Weiao Xing was a visiting postdoctoral fellow at the Institute of Modern History, University of Tübingen, hosted by Professor Renate Dürr. His project built upon his thesis research on languages, translation, and encounters in the 17th-century North Atlantic world, aiming at producing a monograph that illustrates language learning and translingual knowledge production. Meanwhile, he is delving into the history of books and print culture, seeking to comprehend the early modern reception of the French Jesuit Relations and the translation of books on the Americas in Europe. As a historian with strong interdisciplinary interests, Weiao Xing has explored themes including language education in 17th-century Massachusetts, historical narratives in early 18th-century New England, and the dramas and historical accounts in 17th-century Québec. Beyond his academic engagement, Weiao Xing is a practitioner of public history. He has served as an editor for ‘Doing History in Public’, a blog series run by postgraduate historians at the University of Cambridge and has contributed posts to various platforms.

Duration of Stay: January 2024 – January 2025

Email

Dr. Flavia Guerra Cavalcanti

Flavia Guerra Cavalcanti holds a PhD in International Relations from the Institute of International Relations (IRI) of PUC-Rio in Brazil. Her Ph.D. thesis dealt with the strategic relationship between the European Union and Latin America from a poststructuralist and postcolonialist perspective, specifically focusing on how European identity was - and continues to be - constructed through discourses about the Latin American Other. Since 2010, she has been a full-time professor in the International Relations course at the Institute of International Relations and Defense (IRID) of the Federal University of Rio de Janeiro in Brazil. Her research interest profoundly connects to the disciplines she teaches, such as International Political Sociology, Postcolonialism Studies, Critical Border Studies, and Critical Security Studies. As a postdoctoral Global Encounters fellow at the Institute of Political Science at the University of Tübingen, she worked on the project "Oceanic Thinking in Migrant Resistance: How the Concept of Wet Ontology Can Destabilize the Fixed Conceptions of Territory and Belonging." At the first moment, the research aimed to investigate how Oceanic Thinking or Ocean Studies, particularly the concept of "wet ontology," coined by Philip Steinberg (2010), can destabilize conceptions about territory, sovereignty, citizenship, and belonging that emerge from a supposed binarism between Land and Sea embedded in the discipline of IR. As Rob Walker puts it (1993), the individual depends on his attachment to an inside (a territorial space) to be eligible for citizenship and human rights, whereas others are not. Our modern idea of the Subject, the Sovereign and the Citizen, comes from a territorial and exclusionary logic based on the binarism between land and Sea, where the former is the space of security and History, whereas the latter represents insecurity and emptiness.

In contrast, "wet ontology" breaks with the idea that the Sea is a space devoid of History/story and distinct from Terrestrial Space regarding the production of political imaginaries. The supposed emptiness of the maritime space has as many lines, traces, and narratives as the terrestrial space; in this sense, they also shape our notions of citizenship and belongingness. The project's objective is to explore the representation of the Ocean as a place of variety and production of new imaginaries about citizenship, space, territory, and belonging. 

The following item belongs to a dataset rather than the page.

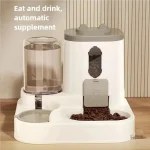 Modèle GravityCare pour croquettes et eau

Duration of stay: December 2023 - November 2024

Email

Dr. Havva Sinem Uğurlu

Havva Sinem Uğurlu holds a PhD in Religious Education from Ankara University in Türkiye. She has been working in Ankara University Divinity Faculty, Department of Religious Education as an Assistant Professor for two years. Between 2011 and 2022 she also worked as a research assistant at this department. During the 2021-2022 academic year, she conducted/started her postdoctoral research under Teach@Tübingen Fellowship at the University of Tübingen. While she was conducting her project, she also taught lectures at the Center of Islamic Theology of the University of Tübingen. She specializes in the field of higher religious education, pedagogy, and didactics of formal and non-formal Islamic religious education.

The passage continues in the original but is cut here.